Subset question What proportion of subsets of the digits 0-9 contain just as many odd numbers as even numbers? You need to determine how many subsets there are. Then you need to recall that you only need to consider subsets of each even size.
Self attempt: So subset can be represented by $2^x$. We have $2^{10}$ subsets for 0-9. So for odd integers, we have 5 of them (1,3,5,7,9) so $2^5$ and for even integers, we have $2^5$ subsets. Is this correct thinking?
 A: It’s true that there are $2^5$ sets of odd digits and $2^5$ sets of even digits (including in both cases the empty set of digits), but this is not especially helpful. I suggest that you consider separately sets containing $0,1,2,3,4$, and $5$ odd digits. For instance, there are $\binom53$ sets of exactly $3$ odd digits. To form a set with $3$ odd and $3$ even digits, you must pair this set with any of the $\binom53$ sets of $3$ even digits. There are $\binom53^2$ such pairs (why?), so there are $\binom53^2$ sets of $3$ odd and $3$ even digits.

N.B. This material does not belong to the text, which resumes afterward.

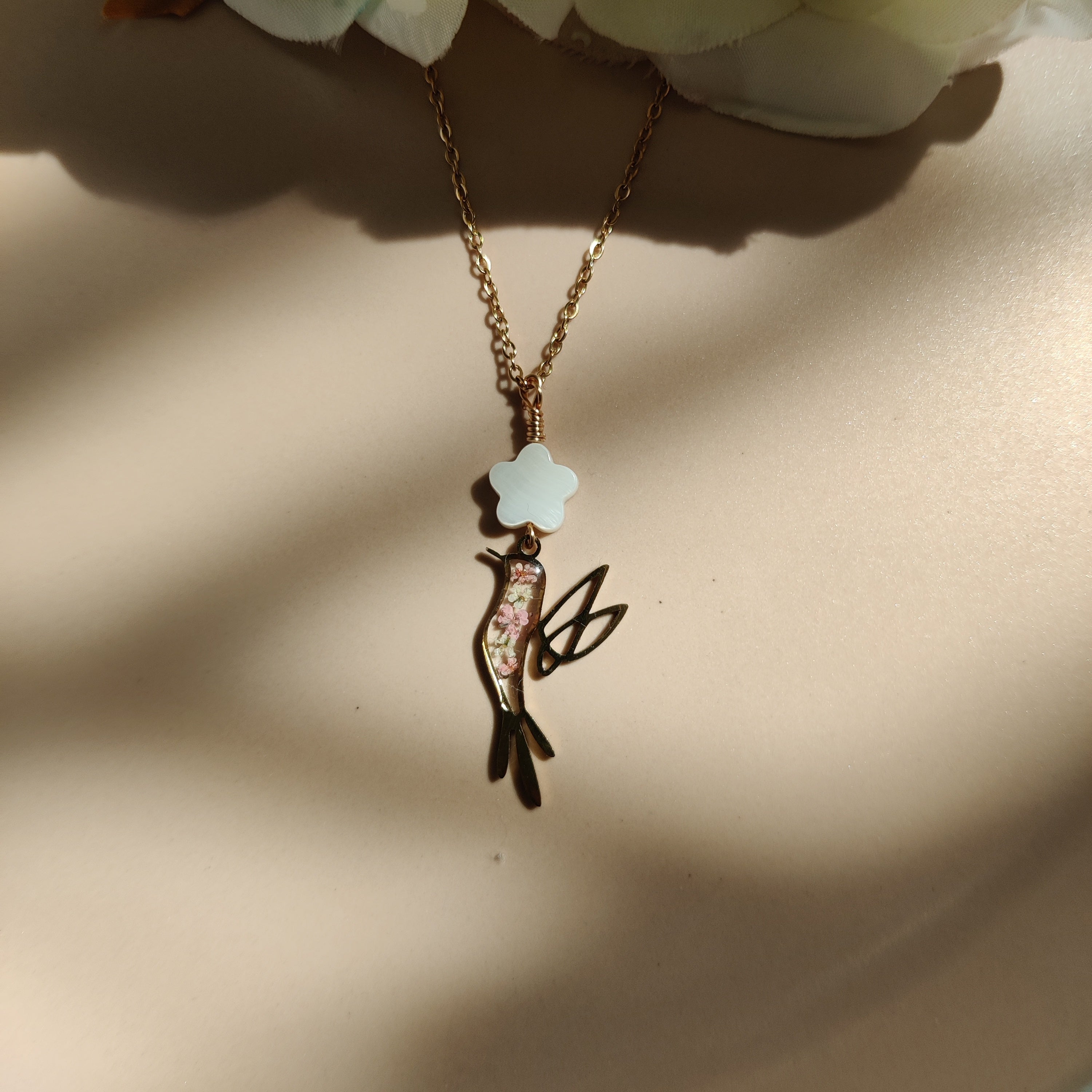 Hummingbird necklace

Now do this for each possible size, and add up the results. If you’ve learned Vandermonde’s identity, you’ll be able to express the answer in an especially nice form, but in any case the numbers are small enough that you can get a numerical answer.
A: There are $2^{10}$ subsets. 
Call a subset good if it has just as many even as odd.
Let us count how many $2k$-element good subsets there are. The $k$ evens can be chosen in $\binom{5}{k}$ ways, and for each such way the $k$ odds can be chosen in $\binom{5}{k}$ ways, for a total of $\binom{5}{k}\binom{5}{k}$.
To count all good subsets, add up from $k=0$ to $k=5$.
The calculation is not hard, and there are even shortcuts, since $\binom{5}{i}=\binom{5}{5-i}$.
The number of good subsets turns out to be $1^2+5^2+10^2+10^2+5^2+1^2$.
A: If you are considering subset will have only even or odd, its incorrect.
Some of subset will have both even and odd integer.
Also $ \phi $ is common subset in both argued by you so no. of even integers subset and odd integer subset will be $  2^5 - 1 $ each.